8. The circuit apparatus of claim 2, wherein said comparing means comprises a differential amplifier having two inputs and an output and connected as a switch having hysteresis by virtue of an input resistance (R5) connected in series with its input to which is connected said voltage which is compared with said reference voltage and a feedback resistance (R6) connected between the output of said differential amplifier and said input thereof to which said input resistance is connected.

9. The circuit apparatus of claim 3, wherein said comparing means comprises a differential amplifier having two inputs and an output and connected as a switch having hysteresis by virtue of an input resistance (R5) connected in series with its input to which is connected said voltage which is compared with said reference voltage and a feedback resistance (R6) connected between the output of said differential amplifier and said input thereof to which said input resistance is connected.

10. The circuit apparatus of claim 1, wherein said means providing averaging includes a capacitor connected to at least one resistor.

11. The circuit apparatus of claim 1, wherein said internal combustion engine has a plurality of ignition coils each of which has a primary winding and wherein each of said primary windings is connected through a protective diode to said comparing means, said protective diodes connected respectively to said primary windings constituting an OR-gate.

12. The circuit apparatus of claim 2, wherein said internal combustion engine has a plurality of ignition coils each of which has a primary winding and wherein each of said primary windings is connected through a protective diode to said comparing means, said protective diodes connected respectively to said primary windings constituting an OR-gate.

13. The circuit apparatus of claim 3, wherein said internal combustion engine has a plurality of ignition coils each of which has a primary winding and wherein each of said primary windings is connected through a protective diode to said comparing means, said protective diodes connected respectively to said primary windings constituting an OR-gate.

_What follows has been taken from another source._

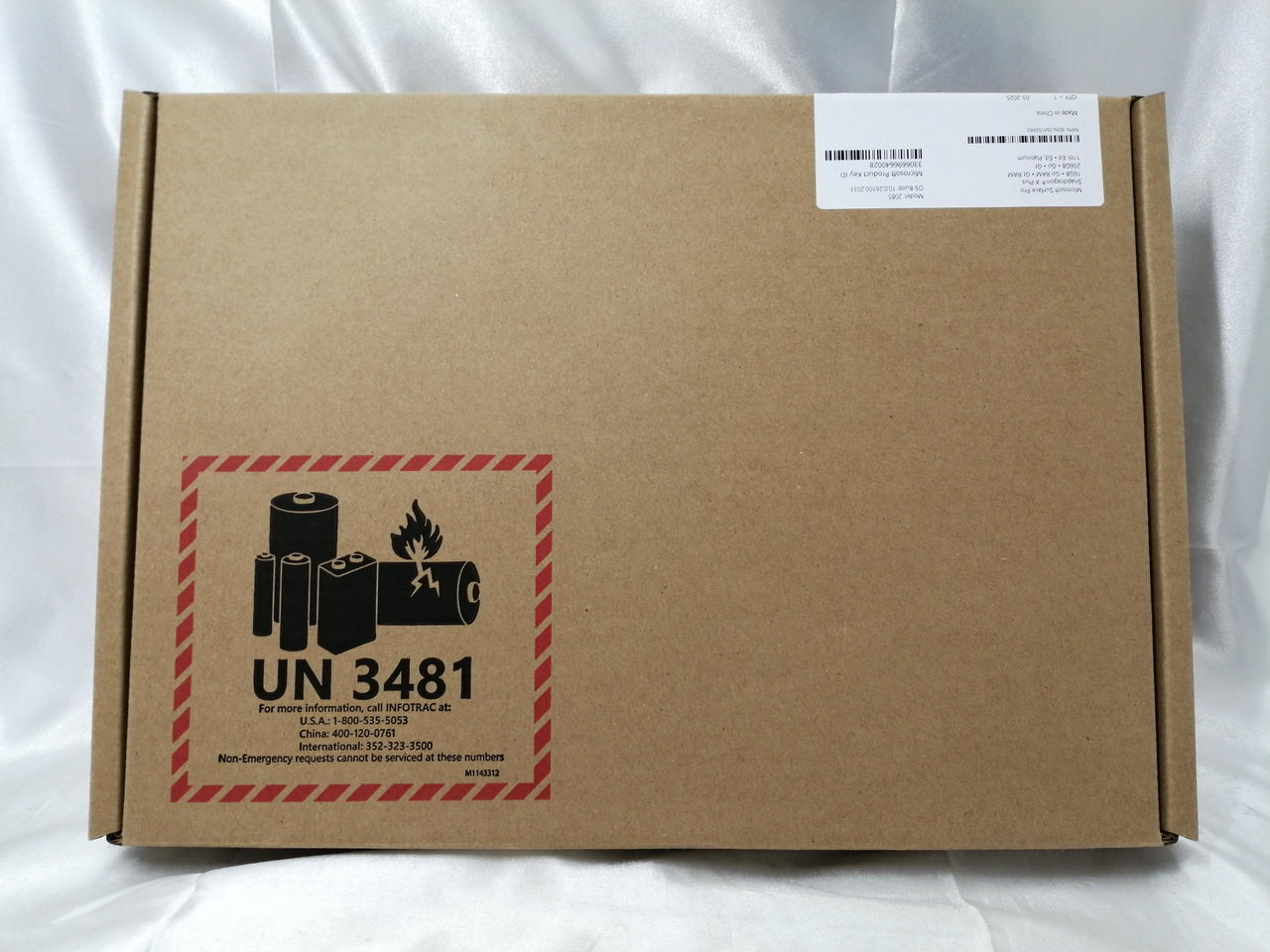 美品　マイクロソフト 
Surface Pro 第11世代 (ブラック) Amazon.co.jp: 【マイクロソフト 公式ストア限定】2点セット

14. The circuit apparatus of claim 4, wherein said internal combustion engine has a plurality of ignition coils each of which has a primary winding and wherein each of said primary windings is connected through a protective diode to said comparing means, said protective diodes connected respectively to said primary windings constituting an OR-gate.

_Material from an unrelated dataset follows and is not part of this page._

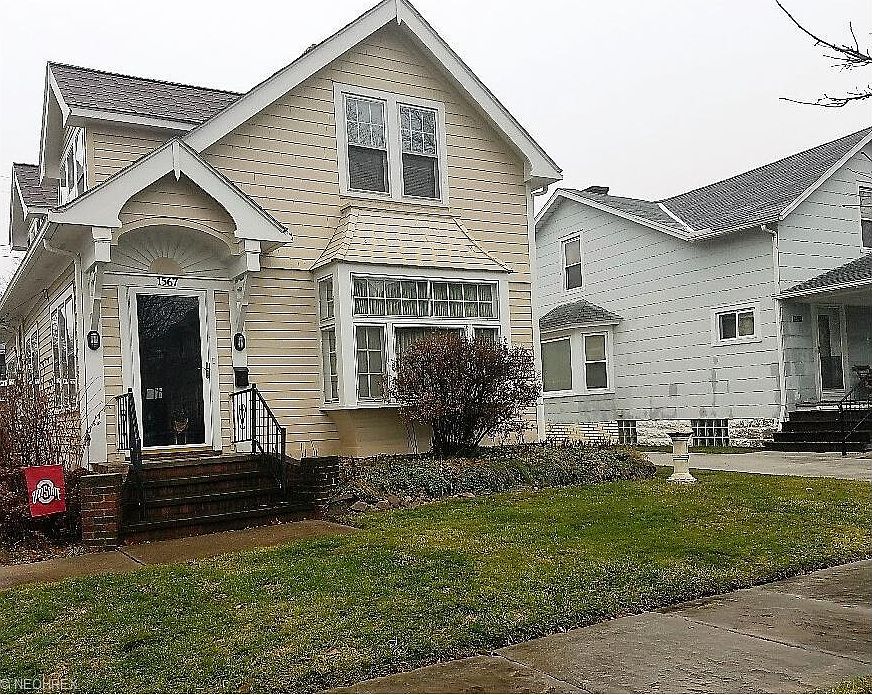 1st image of 1567 Victoria Ave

15. The circuit apparatus of claim 5, wherein said internal combustion engine has a plurality of ignition coils each of which has a primary winding and wherein each of said primary windings is connected through a protective diode to said comparing means, said protective diodes connected respectively to said primary windings constituting an OR-gate.

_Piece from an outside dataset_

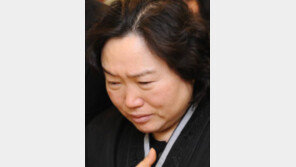 이미자 노래 테이프에 남편 증언 녹음… 한인언론 통해 NYT에 고문사실 고발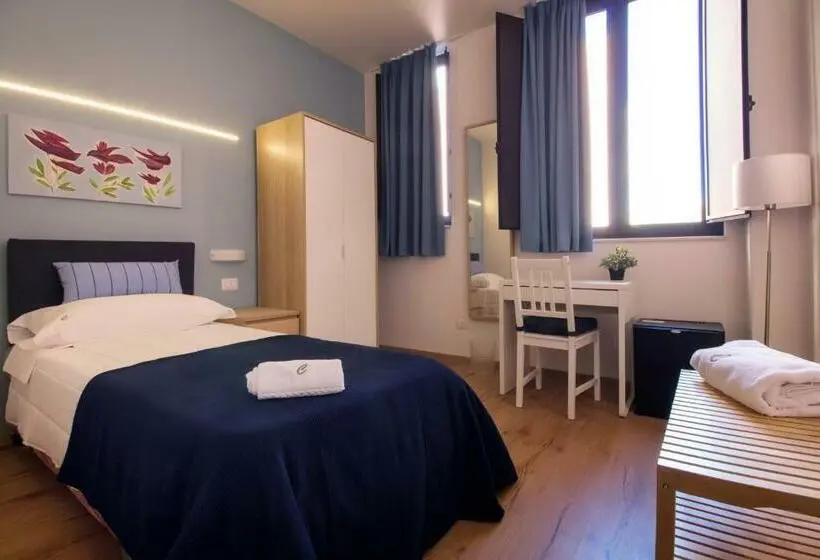 اتاق استاندارد یک نفره, Cianciana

16. The circuit apparatus of claim 6, wherein said internal combustion engine has a plurality of ignition coils each of which has a primary winding and wherein each of said primary windings is connected through a protective diode to said comparing means, said protective diodes connected respectively to said primary windings constituting an OR-gate.

17. The circuit apparatus of claim 7, wherein said internal combustion engine has a plurality of ignition coils each of which has a primary winding and wherein each of said primary windings is connected through a protective diode to said comparing means, said protective diodes connected respectively to said primary windings constituting an OR-gate.

18. The circuit apparatus of claim 8, wherein said internal combustion engine has a plurality of ignition coils each of which has a primary winding and wherein each of said primary windings is connected through a protective diode to said comparing means, said protective diodes connected respectively to said primary windings constituting an OR-gate.

19. The circuit apparatus of claim 9, wherein said internal combustion engine has a plurality of ignition coils each of which has a primary winding and wherein each of said primary windings is connected through a protective diode to said comparing means, said protective diodes connected respectively to said primary windings constituting an OR-gate.